I giardini perduti della mia terra (Dacia Maraini)

Da Bagheria al mare era tutta una distesa verde, verde di ulivi e di agrumi. In Sicilia l’agrumeto si chiama giardino. Come il giardino del Paradiso, un luogo non legato al denaro ma al piacere. Un segno divino, un terreno capace di dare gioia, godimento spirituale, non solo nutrimento. Se oggi vado da Villa Valguarnera a Palermo vedo semplicemente asfalto, palazzi, cose orribili: i giardini sono scomparsi.
Non che mi consoli, ma penso che questa trasformazione riguardi tutta l’Italia, tutte quelle zone che erano particolarmente adatte alla coltivazione, degli agrumi come dei pomodori, e che hanno cambiato destino. Questo perché nel Dopoguerra si è puntato in maniera sbagliata all’industria. Si è pensato che l’agricoltura dovesse essere sostituita dall’industria, ed è stata una catastrofe.
Basta vedere come si è ridotta Gela con il petrolchimico – catastrofe ambientale e sociale - basta vedere le tante fabbriche abbandonate e lasciate lì. Abbandonare l’agricoltura è stata quasi una colpa. Ma io non sono pessimista: si può rimediare, la terra è sempre la terra. Si può sempre migliorare un panorama, si può riconvertire un territorio, si può eliminare l’orrore dei fabbricati industriali. Piantando alberi, tornando a dare importanza ai fiumi. L’essere umano ha capacità straordinarie. Si può, si deve tornare indietro, ma per far questo bisogna cambiare la cultura del Paese, la mentalità, lo sguardo sulle cose. Bisogna capire che si deve tornare alla terra, che quello è il nostro specifico, che è inutile cercare di fare cose che non ci appartengono.

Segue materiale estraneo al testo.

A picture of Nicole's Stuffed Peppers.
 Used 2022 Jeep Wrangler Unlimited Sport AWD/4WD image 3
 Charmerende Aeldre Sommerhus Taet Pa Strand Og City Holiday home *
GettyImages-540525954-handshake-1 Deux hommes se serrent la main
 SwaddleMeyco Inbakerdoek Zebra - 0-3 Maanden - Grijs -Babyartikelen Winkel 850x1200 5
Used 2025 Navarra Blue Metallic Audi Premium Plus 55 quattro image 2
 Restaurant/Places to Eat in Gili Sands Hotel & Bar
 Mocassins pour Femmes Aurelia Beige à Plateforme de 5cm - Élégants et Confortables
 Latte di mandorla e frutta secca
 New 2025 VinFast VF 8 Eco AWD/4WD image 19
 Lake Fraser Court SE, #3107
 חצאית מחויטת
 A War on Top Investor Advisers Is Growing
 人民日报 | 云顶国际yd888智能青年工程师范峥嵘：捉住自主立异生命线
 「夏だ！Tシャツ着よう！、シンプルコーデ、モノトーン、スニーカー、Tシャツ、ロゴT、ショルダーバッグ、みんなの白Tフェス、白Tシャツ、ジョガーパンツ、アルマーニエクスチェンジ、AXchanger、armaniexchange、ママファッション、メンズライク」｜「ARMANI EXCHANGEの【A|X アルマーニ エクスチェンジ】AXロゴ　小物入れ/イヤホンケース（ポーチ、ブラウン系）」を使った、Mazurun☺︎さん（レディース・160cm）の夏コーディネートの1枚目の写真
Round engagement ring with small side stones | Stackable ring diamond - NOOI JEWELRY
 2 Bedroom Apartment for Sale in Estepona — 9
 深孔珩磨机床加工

La Sicilia a che cosa è destinata? All’agricoltura, alla bellezza dei suoi beni monumentali, alle sue tradizioni, alle sue chiese, al turismo organizzato bene, non di massa. Turismo come cultura, come sviluppo della specificità. Mi vengono in mente i pomodorini di Pachino, un sapore meraviglioso. Li fanno pure i cinesi, ma in nessun posto del mondo hanno il sapore che hanno in Sicilia.